━━ Records provided

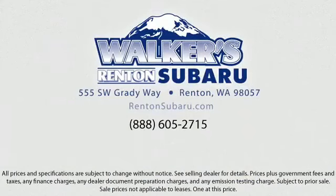Real value, real people, real simple. Located just off of I-405 and State Route 167, just minutes from I-5, it's simple to visit us anywhere in the greater Seattle area.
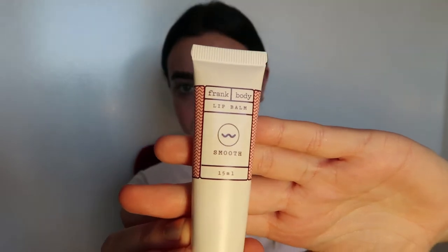Before I do my makeup, I exfoliate, cleanse, tone, and then moisturize. Before I start, I just want to disclaim that I'm not a professional. I've learnt from doing it myself and testing out what works for me and what doesn't. The first thing I do before I start any of the makeup is I put a lip balm on my lips.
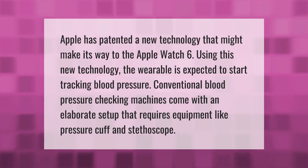Apple has patented a new technology that might make its way to the Apple Watch 6. Using this new technology, the wearable is expected to start tracking blood pressure. Conventional blood pressure checking machines come with an elaborate setup that requires equipment like a pressure cuff and stethoscope.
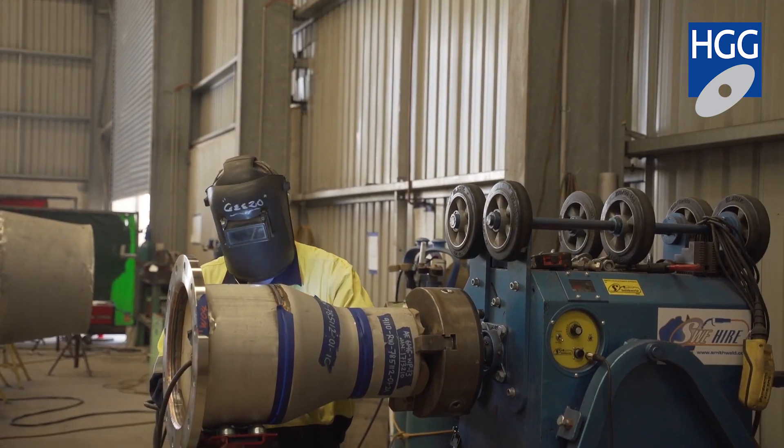My name's Mark and I operate the SPC 2000 pipe cutting machine. We've had this machine for about 10 years now, and I really enjoy operating it. It's a very efficient machine, we have very little wastage in material, and the profiles it's cut are really appreciated by the welders and the boilermakers — it makes their job so much easier.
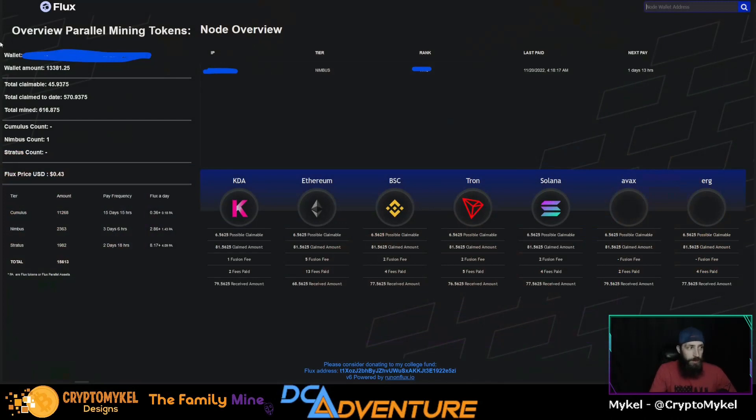What is going on guys? It is your boy Crypto McGill here coming today with a Flux node update. So today we are going over the 8th month that we have been running our Nimbus node on the Flux network. We are going to go over the last month's earnings as well as the monthly Flux report, and we have some new updates from Project Thunder, which is a fractional node upgrade for your Cumulus node.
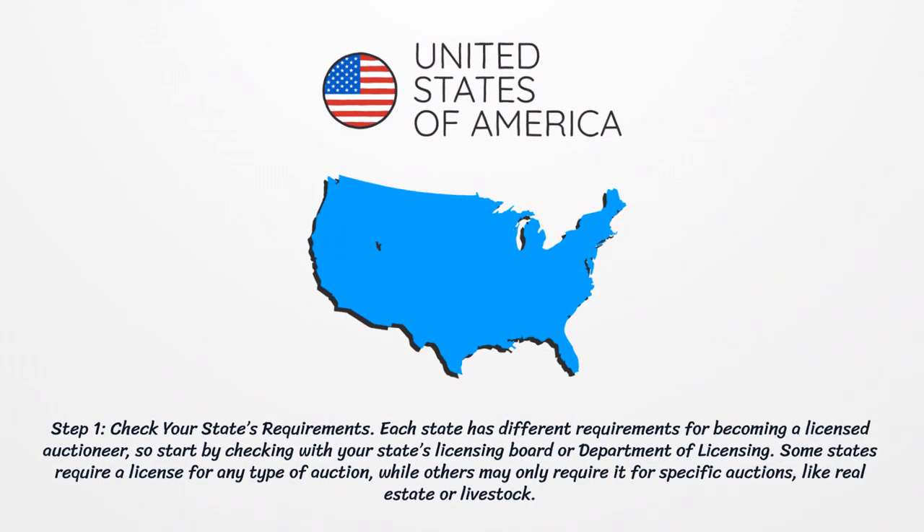Step 1: Check your state's requirements. Each state has different requirements for becoming a licensed auctioneer, so start by checking with your state's licensing board or department of licensing. Some states require a license for any type of auction, while others may only require it for specific auctions, like real estate or livestock.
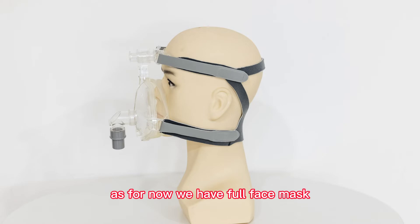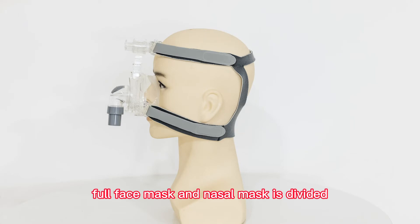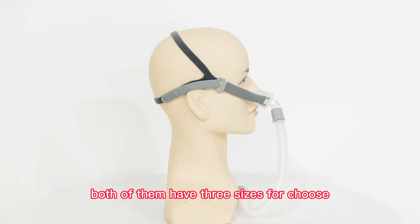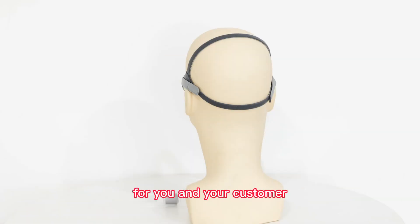As for now, we have full face mask, nasal mask, and nasal pillow. Full face mask and nasal mask are divided into vented and non-vented. Both of them have three sizes for choosing, so you can select the most suitable one for you and your customer.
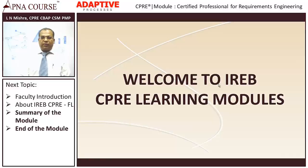Welcome to the IREB CPRE learning module. I am Ellen Mishra, and I will be the faculty for this entire set of modules.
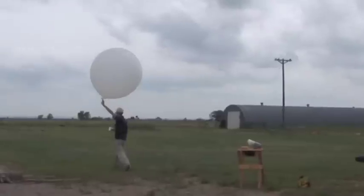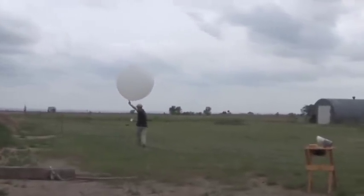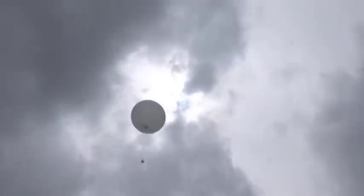We're looking for tornadic thunderstorms in northwest Texas, and my soundings team has just launched a rawinsonde, which measures temperature and moisture and wind above the ground by following a weather balloon up through the atmosphere.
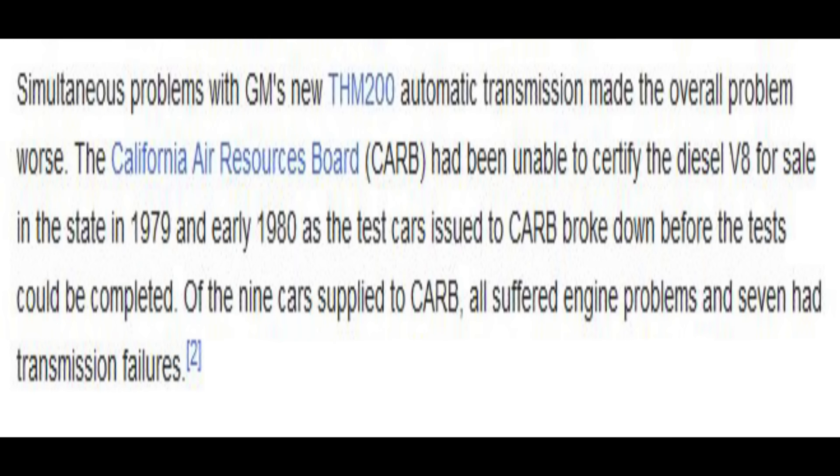Now, how unreliable were these? Is this just a myth? Well, for example, CARB — the California Air Resources Board — in 1979 tried to certify this diesel engine for use on their roads. Guess what happened? They were supplied nine vehicles to test, and all nine of them failed. Not only that, they were using the TH200 transmission, and seven of the nine had transmission problems as well. Not looking too good for Oldsmobile, folks.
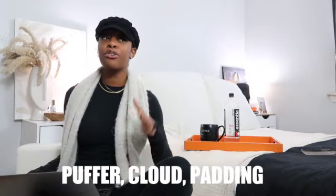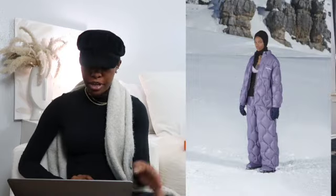My absolute favorite trend — puffers. It's puffer everything: puffer padded, cloud, ski vibes. It's puffer overload and I am in love. Miu Miu had some of my favorite puffers — heavy on the ski vibes. I'm not usually a purple fan, but this purple padded piece is just fire, so cute. Then we see this monochromatic look in saturated purple — even the shoes are padded. It's like a sick obsession with puffer padding.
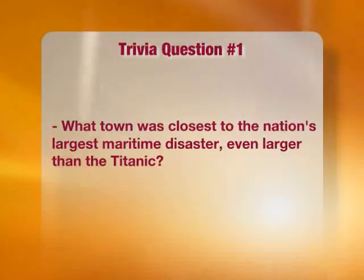I understand that you have some Arkansas Delta trivia questions for me this morning. We've got a couple of trivia questions — we'll see if we can stump you. What town was closest to the nation's largest maritime disaster, even larger than the Titanic? We're talking about the Sultana — and the town is Marion. You are correct. In 1865, at the end of the Civil War, the Sultana was carrying back both Union and Confederate prisoners of war from Vicksburg and had just departed from Memphis when it exploded with over 1,800 passengers. A huge disaster.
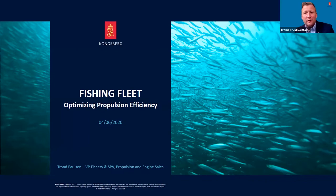Welcome to this webinar called Fishing Fleet Optimizing Propulsion Efficiency. My name is Trond Poulsen. I'll be the host for this webinar today. My position in Kongsberg Maritime is that I'm responsible for propulsion engine sales within the segment that we call Fishery and Special Purpose Vessels.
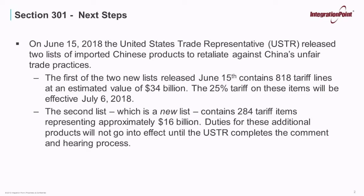The second list, which is a new list, contains 284 tariff items representing approximately $16 billion. This new list is designed to compensate for those items removed from the initial list while still allowing the administration to hit its targeted retaliatory level of $50 billion in Chinese imports. This list will be undergoing a public comment period, and duties for these additional products will not go into effect until the USTR completes the comment and hearing process and publishes its final list.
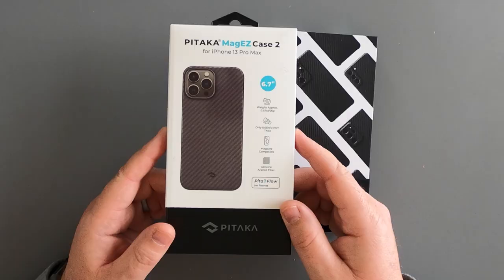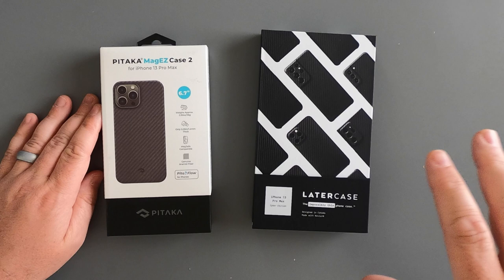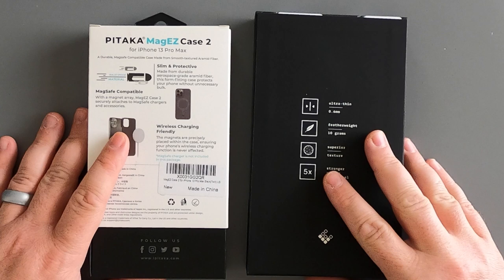Today we're going to look at a couple of phone cases that are very different from what I typically cover. For the first time ever I'm reviewing the Pataka Mag Easy Case 2 for the iPhone 13 Pro Max. I've also ordered the Later Case, which is another aramid fiber case. Lou from Unbox Therapy is behind the Later Cases — his channel promotes them and he sells them. When they first launched there was controversy about plagiarism, but Later Cases have continued to sell. There's a new Cyber Edition and we're going to talk about the differences between Pataka and Later Case when it comes to ultra thin aramid fiber, or Kevlar, phone cases.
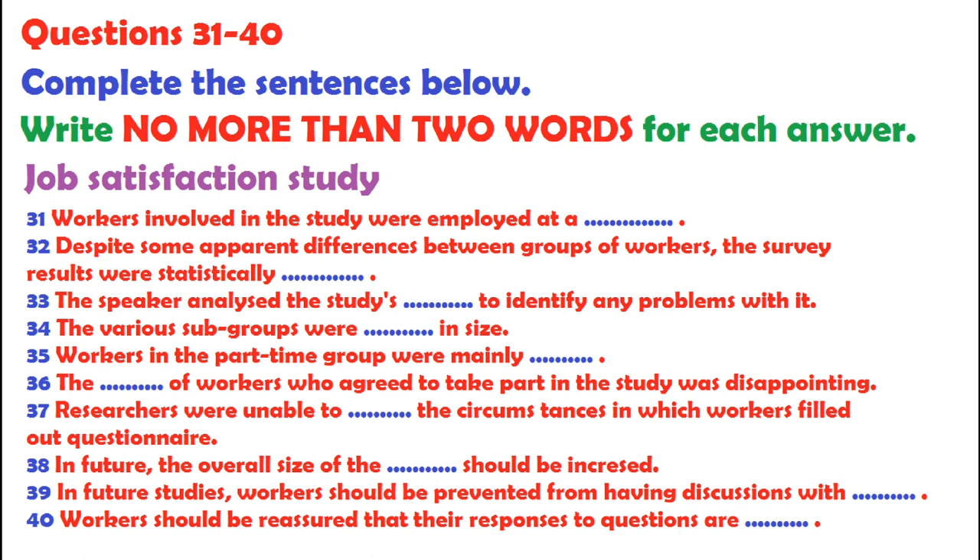So, that was a summary of my assignment. Does anyone have any questions? That is the end of Part 4. You now have half a minute to check your answers.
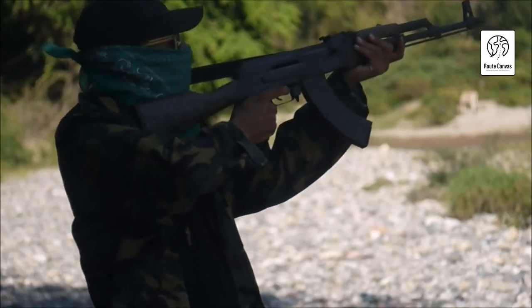Best pellet guns under $100. Welcome to our guide on the best pellet guns under $100. Today, we explore affordable yet high-performing options for both beginners and seasoned shooters alike.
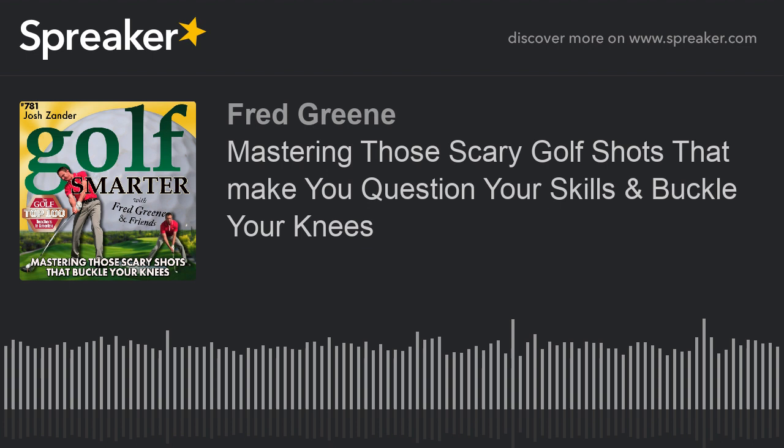All those videos are on the app. You've been on Golf Smarter many times and we have lots of old episodes — we call it Golf Smarter Mulligans. Let's find out what's happening this week on Golf Smarter Mulligans.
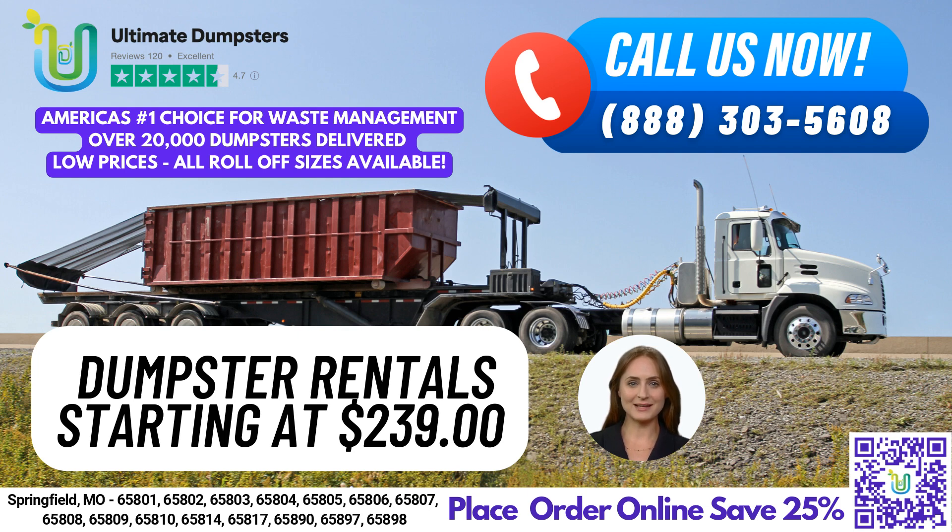Our flexible and affordable pricing, along with free quotes and estimates for every job and customer, makes us the top choice for dumpster rental in Springfield. Plus, we offer same-day delivery for orders placed in the morning.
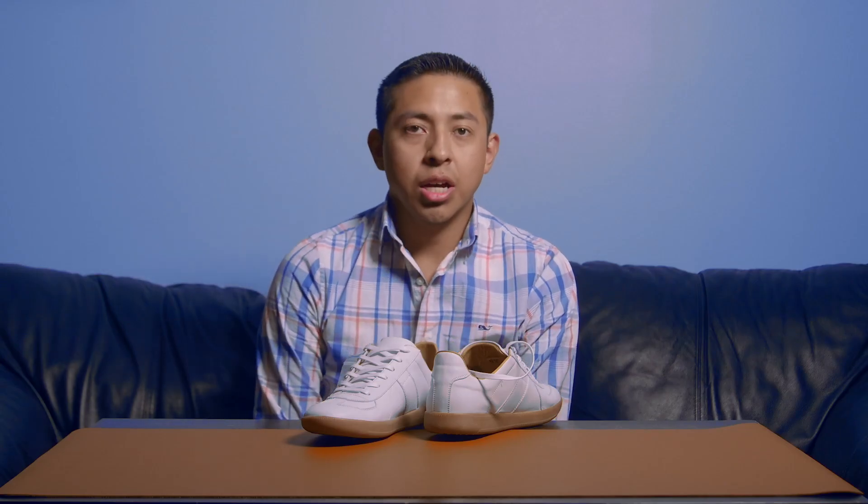Hey everyone, Javi here again doing another video product review, this time shoes. Have you ever asked yourself why does quality have to cost so much? I have — sometimes I want to go to the store and buy a nice pair of shoes but I see the price tag and it's like holy cow.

━━━━

- [Task prompt] All the records above need to be given again word for word. Skip the pictures.

- [Result of this task]
Real value, real people, real simple. Located just off of I-405 and State Route 167, just minutes from I-5, it's simple to visit us anywhere in the greater Seattle area.
Before I do my makeup, I exfoliate, cleanse, tone, and then moisturize. Before I start, I just want to disclaim that I'm not a professional. I've learnt from doing it myself and testing out what works for me and what doesn't. The first thing I do before I start any of the makeup is I put a lip balm on my lips.
Apple has patented a new technology that might make its way to the Apple Watch 6. Using this new technology, the wearable is expected to start tracking blood pressure. Conventional blood pressure checking machines come with an elaborate setup that requires equipment like a pressure cuff and stethoscope.
My name's Mark and I operate the SPC 2000 pipe cutting machine. We've had this machine for about 10 years now, and I really enjoy operating it. It's a very efficient machine, we have very little wastage in material, and the profiles it's cut are really appreciated by the welders and the boilermakers — it makes their job so much easier.
What is going on guys? It is your boy Crypto McGill here coming today with a Flux node update. So today we are going over the 8th month that we have been running our Nimbus node on the Flux network. We are going to go over the last month's earnings as well as the monthly Flux report, and we have some new updates from Project Thunder, which is a fractional node upgrade for your Cumulus node.
Step 1: Check your state's requirements. Each state has different requirements for becoming a licensed auctioneer, so start by checking with your state's licensing board or department of licensing. Some states require a license for any type of auction, while others may only require it for specific auctions, like real estate or livestock.
As for now, we have full face mask, nasal mask, and nasal pillow. Full face mask and nasal mask are divided into vented and non-vented. Both of them have three sizes for choosing, so you can select the most suitable one for you and your customer.
Welcome to the IREB CPRE learning module. I am Ellen Mishra, and I will be the faculty for this entire set of modules.
We're looking for tornadic thunderstorms in northwest Texas, and my soundings team has just launched a rawinsonde, which measures temperature and moisture and wind above the ground by following a weather balloon up through the atmosphere.
Now, how unreliable were these? Is this just a myth? Well, for example, CARB — the California Air Resources Board — in 1979 tried to certify this diesel engine for use on their roads. Guess what happened? They were supplied nine vehicles to test, and all nine of them failed. Not only that, they were using the TH200 transmission, and seven of the nine had transmission problems as well. Not looking too good for Oldsmobile, folks.
My absolute favorite trend — puffers. It's puffer everything: puffer padded, cloud, ski vibes. It's puffer overload and I am in love. Miu Miu had some of my favorite puffers — heavy on the ski vibes. I'm not usually a purple fan, but this purple padded piece is just fire, so cute. Then we see this monochromatic look in saturated purple — even the shoes are padded. It's like a sick obsession with puffer padding.
I understand that you have some Arkansas Delta trivia questions for me this morning. We've got a couple of trivia questions — we'll see if we can stump you. What town was closest to the nation's largest maritime disaster, even larger than the Titanic? We're talking about the Sultana — and the town is Marion. You are correct. In 1865, at the end of the Civil War, the Sultana was carrying back both Union and Confederate prisoners of war from Vicksburg and had just departed from Memphis when it exploded with over 1,800 passengers. A huge disaster.
Welcome to this webinar called Fishing Fleet Optimizing Propulsion Efficiency. My name is Trond Poulsen. I'll be the host for this webinar today. My position in Kongsberg Maritime is that I'm responsible for propulsion engine sales within the segment that we call Fishery and Special Purpose Vessels.
The second list, which is a new list, contains 284 tariff items representing approximately $16 billion. This new list is designed to compensate for those items removed from the initial list while still allowing the administration to hit its targeted retaliatory level of $50 billion in Chinese imports. This list will be undergoing a public comment period, and duties for these additional products will not go into effect until the USTR completes the comment and hearing process and publishes its final list.
Today we're going to look at a couple of phone cases that are very different from what I typically cover. For the first time ever I'm reviewing the Pataka Mag Easy Case 2 for the iPhone 13 Pro Max. I've also ordered the Later Case, which is another aramid fiber case. Lou from Unbox Therapy is behind the Later Cases — his channel promotes them and he sells them. When they first launched there was controversy about plagiarism, but Later Cases have continued to sell. There's a new Cyber Edition and we're going to talk about the differences between Pataka and Later Case when it comes to ultra thin aramid fiber, or Kevlar, phone cases.
So, that was a summary of my assignment. Does anyone have any questions? That is the end of Part 4. You now have half a minute to check your answers.
Best pellet guns under $100. Welcome to our guide on the best pellet guns under $100. Today, we explore affordable yet high-performing options for both beginners and seasoned shooters alike.
All those videos are on the app. You've been on Golf Smarter many times and we have lots of old episodes — we call it Golf Smarter Mulligans. Let's find out what's happening this week on Golf Smarter Mulligans.
Our flexible and affordable pricing, along with free quotes and estimates for every job and customer, makes us the top choice for dumpster rental in Springfield. Plus, we offer same-day delivery for orders placed in the morning.
Hey everyone, Javi here again doing another video product review, this time shoes. Have you ever asked yourself why does quality have to cost so much? I have — sometimes I want to go to the store and buy a nice pair of shoes but I see the price tag and it's like holy cow.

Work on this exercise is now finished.